During my fieldwork I lived and volunteered for several months in ‘La 72’ in Tenosique, the first shelter you reach after crossing from Guatemala to Mexico along the ‘Petén route’. People were always talking about smuggling, and I often heard stories of the sudden disappearance of the guide or the coyote. Far fewer people were talking about successfully crossing the northern border into Mexico. I started to ask myself, why? Is it really true that coyotes are so frequently ‘betraying’ their clients?
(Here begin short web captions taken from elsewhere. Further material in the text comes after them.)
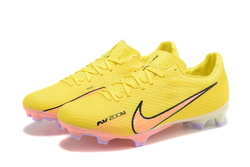 Бутсы Nike Mercurial Vapor 15 FG (Желтый)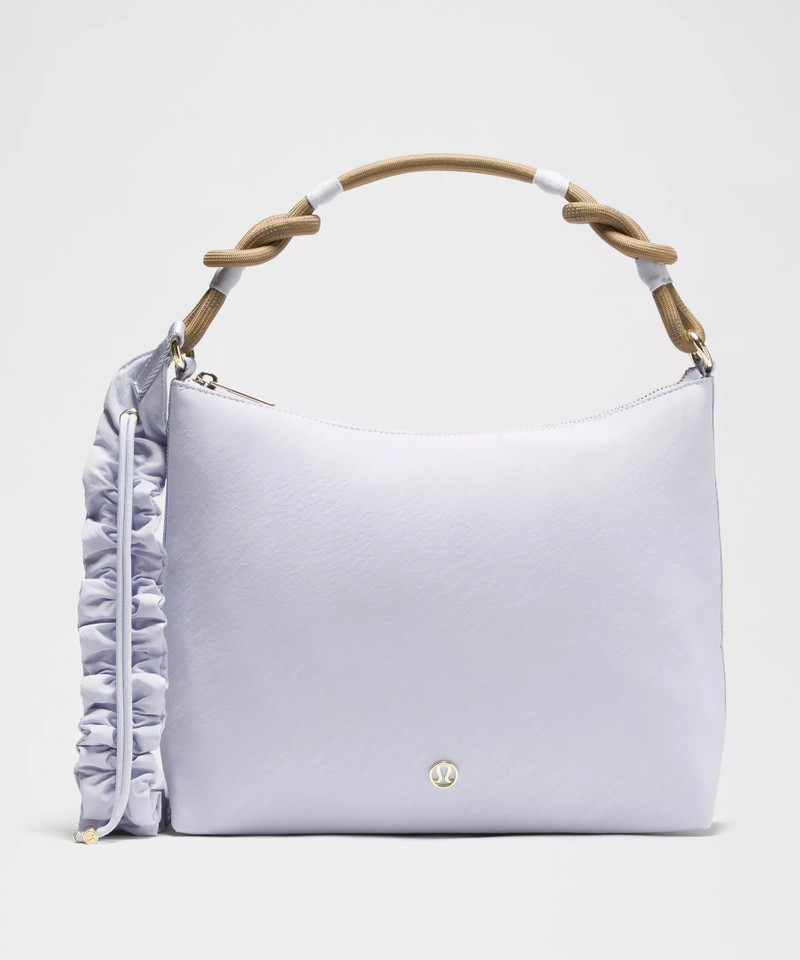 Convertible Ruched Crossbody Bag 6.5L 1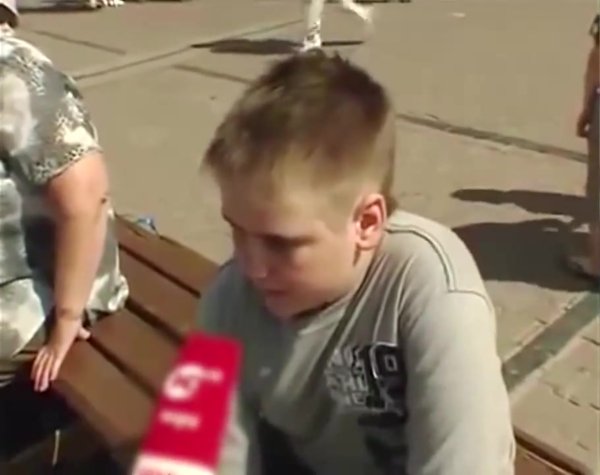 Жалко этого добряка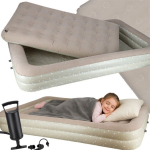 RoGer Inflatable Kids Sleeping Mattress 140&times;90&times;20cm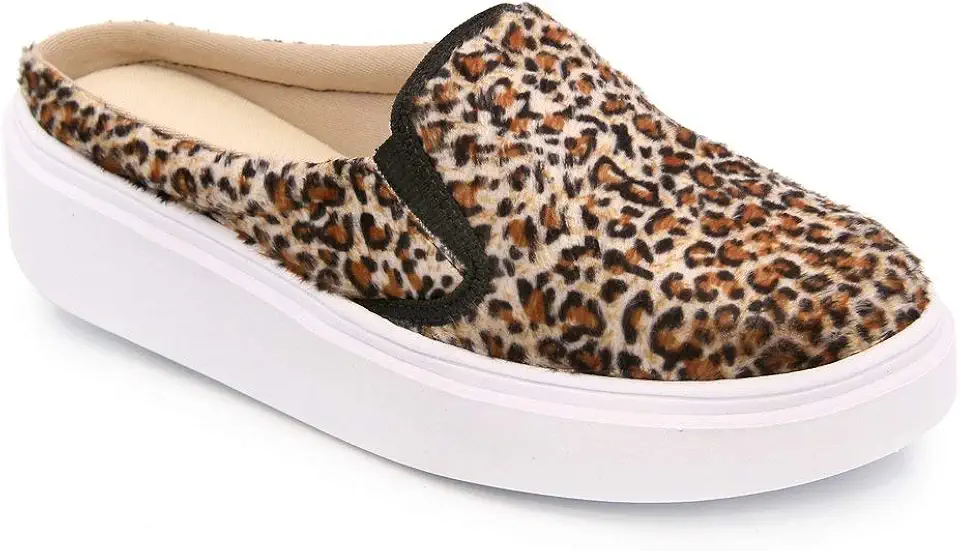 Mule Feminino Casual Confortável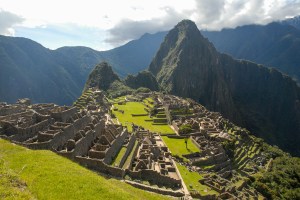 Machu Picchu, Perú.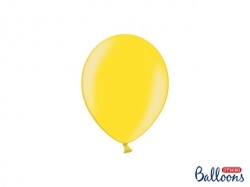 Balonek metalický citronově žlutý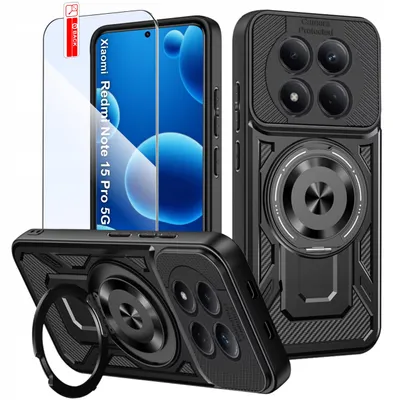 Obrázok produktu pre Odolné puzdro pre Xiaomi Redmi Note 15 Pro 5G s podporou MagSafe, vystužené + sklo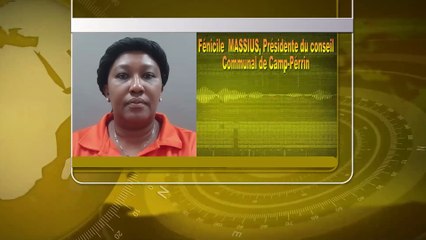 Ouragan Melissa.- Dega ki fèt nan komin Camperrin depatman Sid.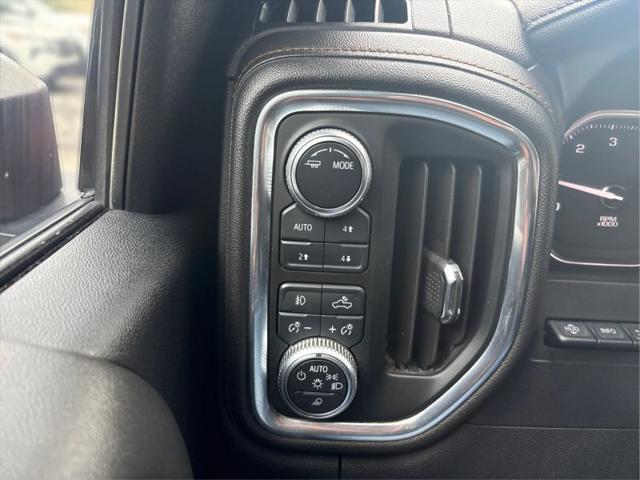 2020 GMC Sierra 2500HD 4WD Crew Cab Standard Bed AT4
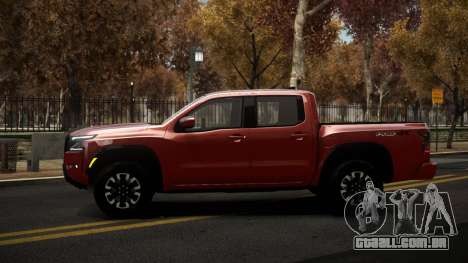 Nissan Frontier Ruqlewe para GTA 4
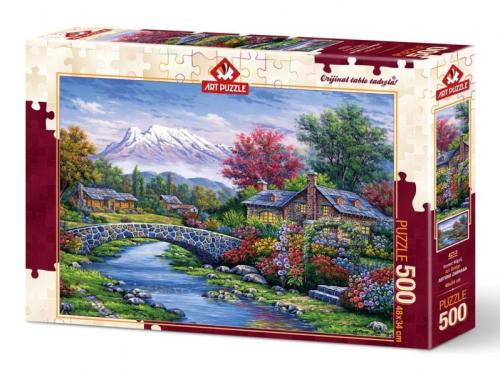 Art 500 Parça Puzzle Kemer Köprü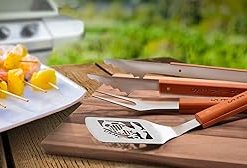 YouTheFan Universal Classic Series 3pc BBQ Grill Set 2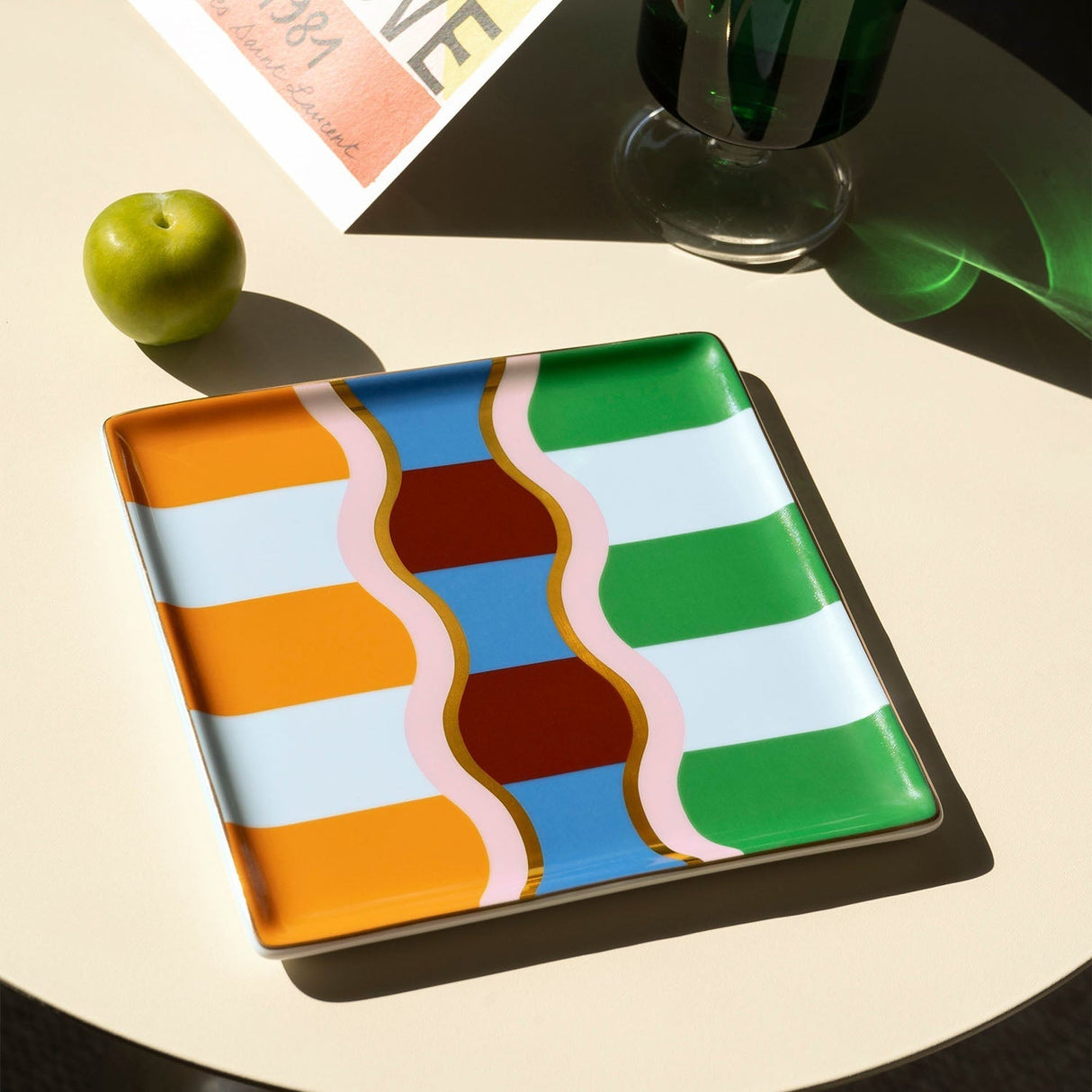 Giza Ceramic Tray by OCTAEVO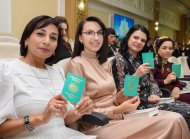 1530 people solemnly received the passport of a citizen of Turkmenistan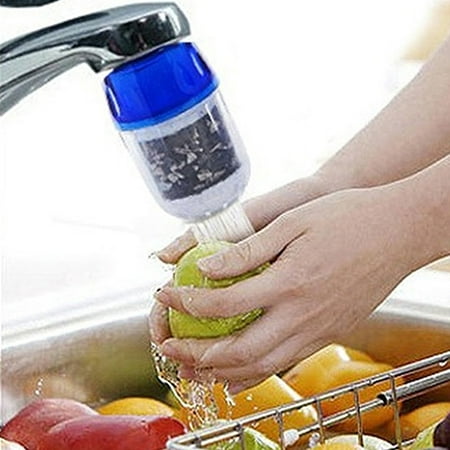 BetterZ 2Pcs Easy Activated Bamboo Charcoal Water Faucet Tap Filter Kitchen Water Purifier
BetterZ 2Pcs Easy Activated Bamboo Charcoal Water Faucet Tap Filter Kitchen Water Purifier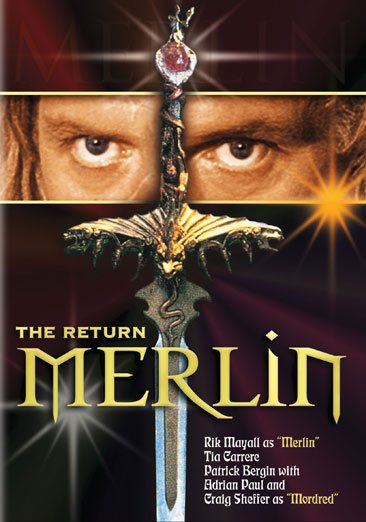 Merlin: The Return cover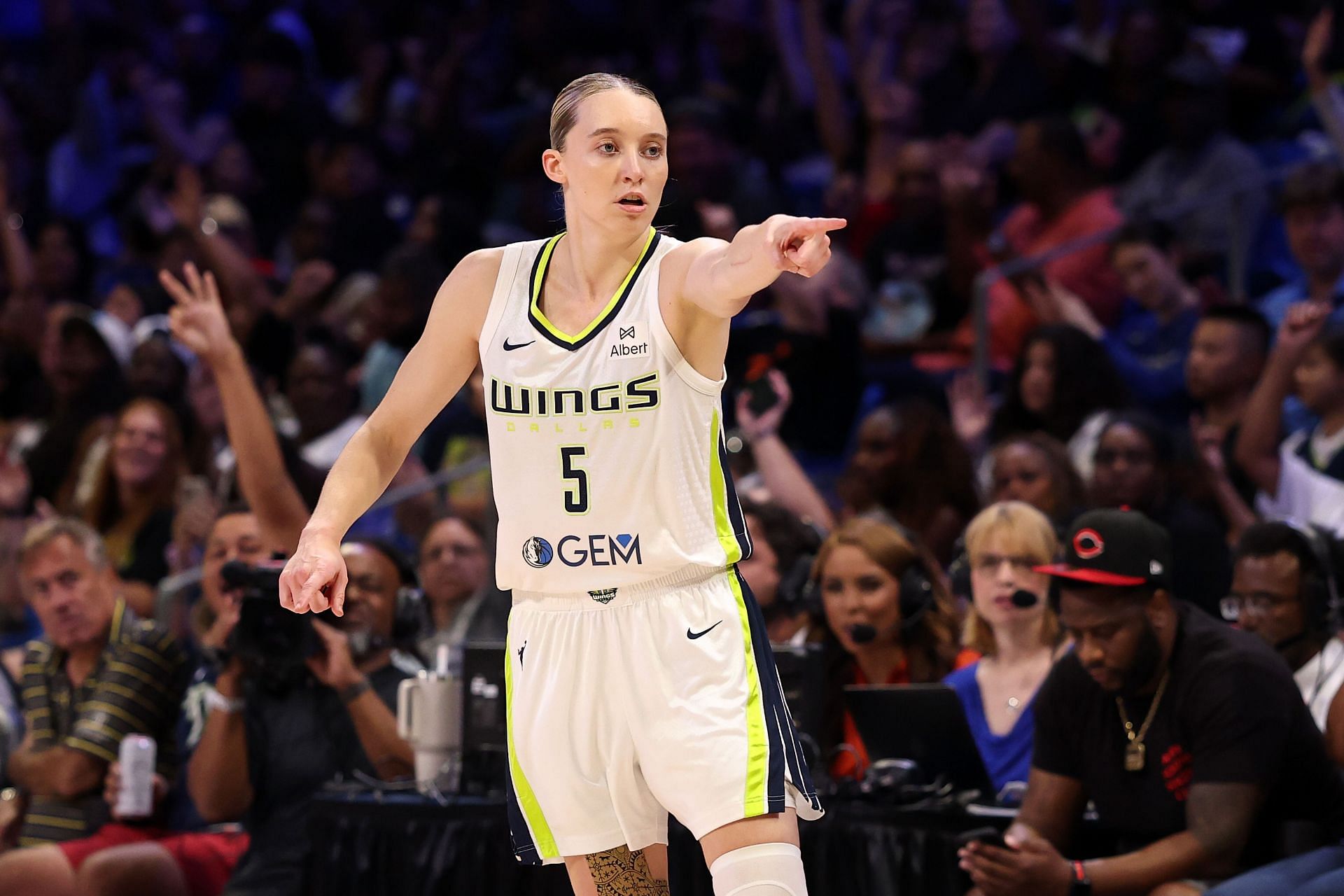 New York Liberty v Dallas Wings - Source: Getty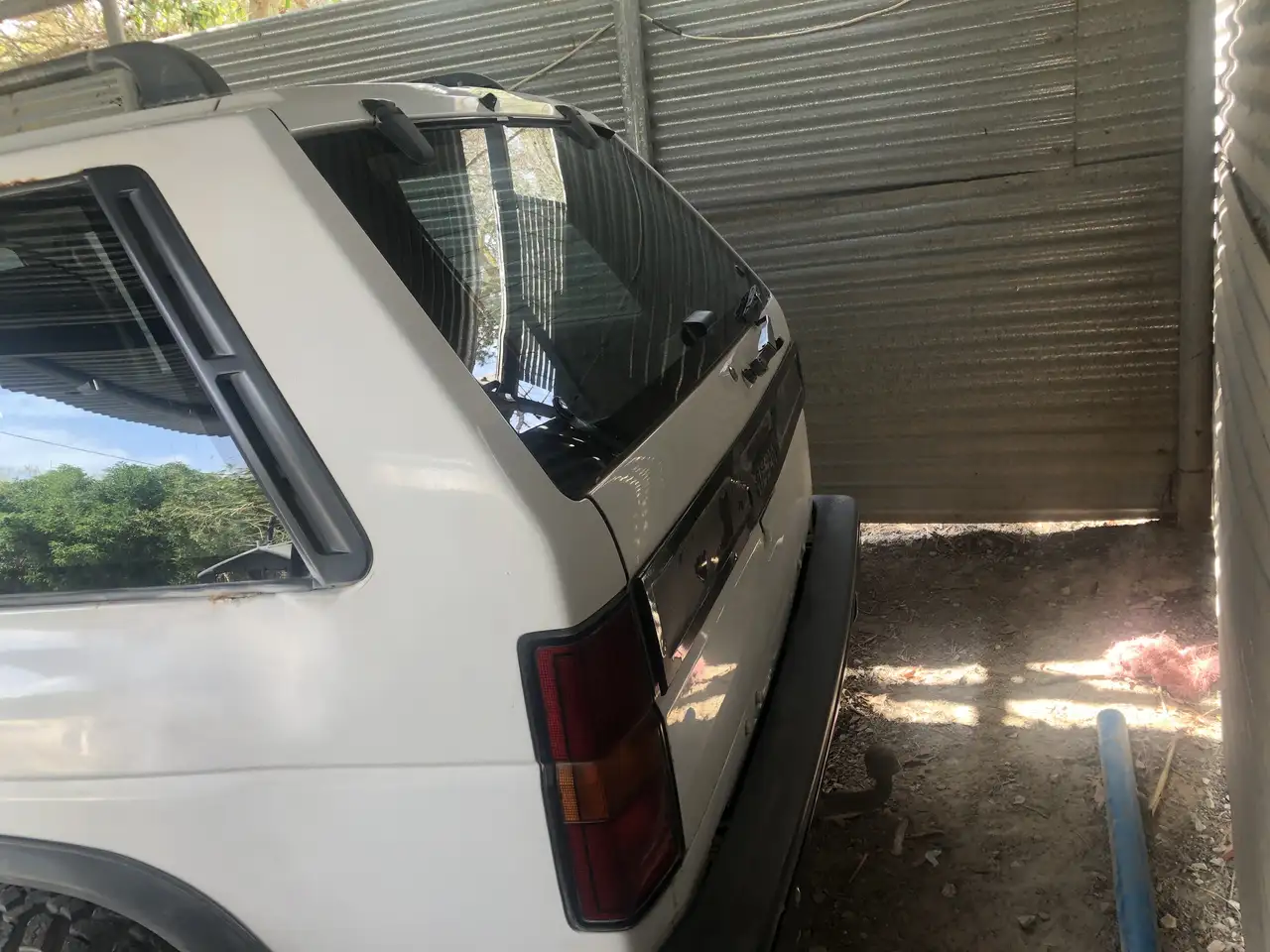 Nissan Terrano 2.7, foto 6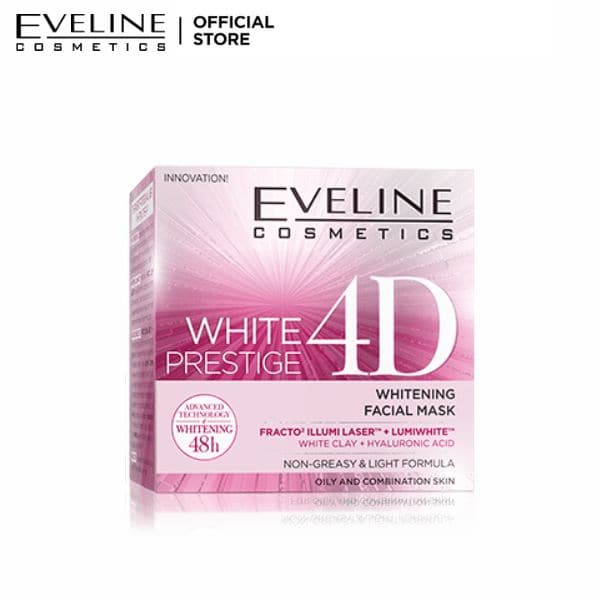 Eveline White Prestige 4D Facial Mask - 50ml - Premium Health & Beauty from Eveline - Just Rs 1495.00! Shop now at Cozmetica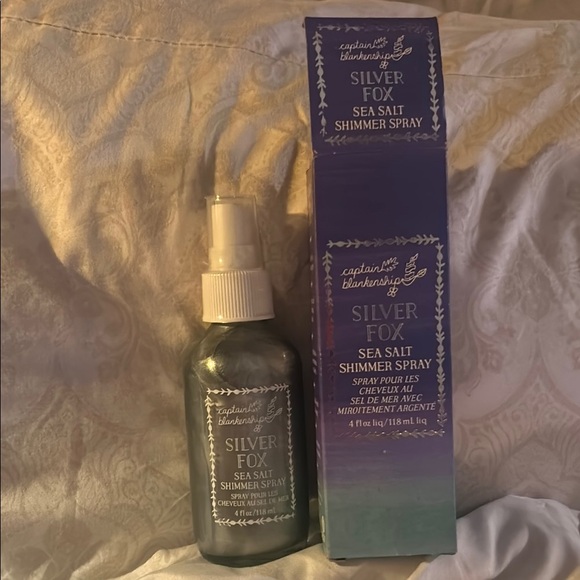 Captain Blankenship NIB Silver Fox Sea Salt Shimmer Spray - Picture 2 of 12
I found this to be a very interesting situation. In a sense we, meaning the volunteers and people responsible for the shelter were influencing what stories were told. Due to the policies of the shelter, coyotes were not able to enter or stay there. If somebody was identified as such he or she was expelled, but their ‘group’ could stay. People were aware that coyotes were personas non-grata, and thus migrants were very careful when conducting negotiations inside the shelter to cover their tracks.
Furthermore, we would often hear again from migrants once they had reached US-Mexican border or had made it inside US territory. In contrast, when migrants really were abandoned by coyotes they would often come back to us, hoping that we would intercede. This was something we couldn’t do. Thus, many of the tales told about coyotes came after something negative had occurred (as opposed to discussions of plans or mere gossip). In practice, coyotes are most of the time confidants and allies of the migrants but political institutions and discourse reinforce the image of coyotes as engaging in ‘inhuman behaviour’. These images, in turn, are picked up and reproduced in everyday life by different actors along the migratory corridors.
Question 2 – media, academic and policy circles suggest that human smuggling is a gateway into human trafficking. Many times both terms are used interchangeably. Does your work provide any insight into these phenomena and what does that say about migration?
Within the migration process it is important to point out the central role of the migrant’s agency. During the last three years I haven’t met anybody who has told me that he or she was forced to hire a coyote, except for children (which is a more complex decision and a different process). All undocumented migrants who I met hired their services voluntarily. Using the categories of human smuggling and human trafficking as synonyms would be incorrect. The latter involves coercion and force, while smuggling underlines migrant’s self-determination.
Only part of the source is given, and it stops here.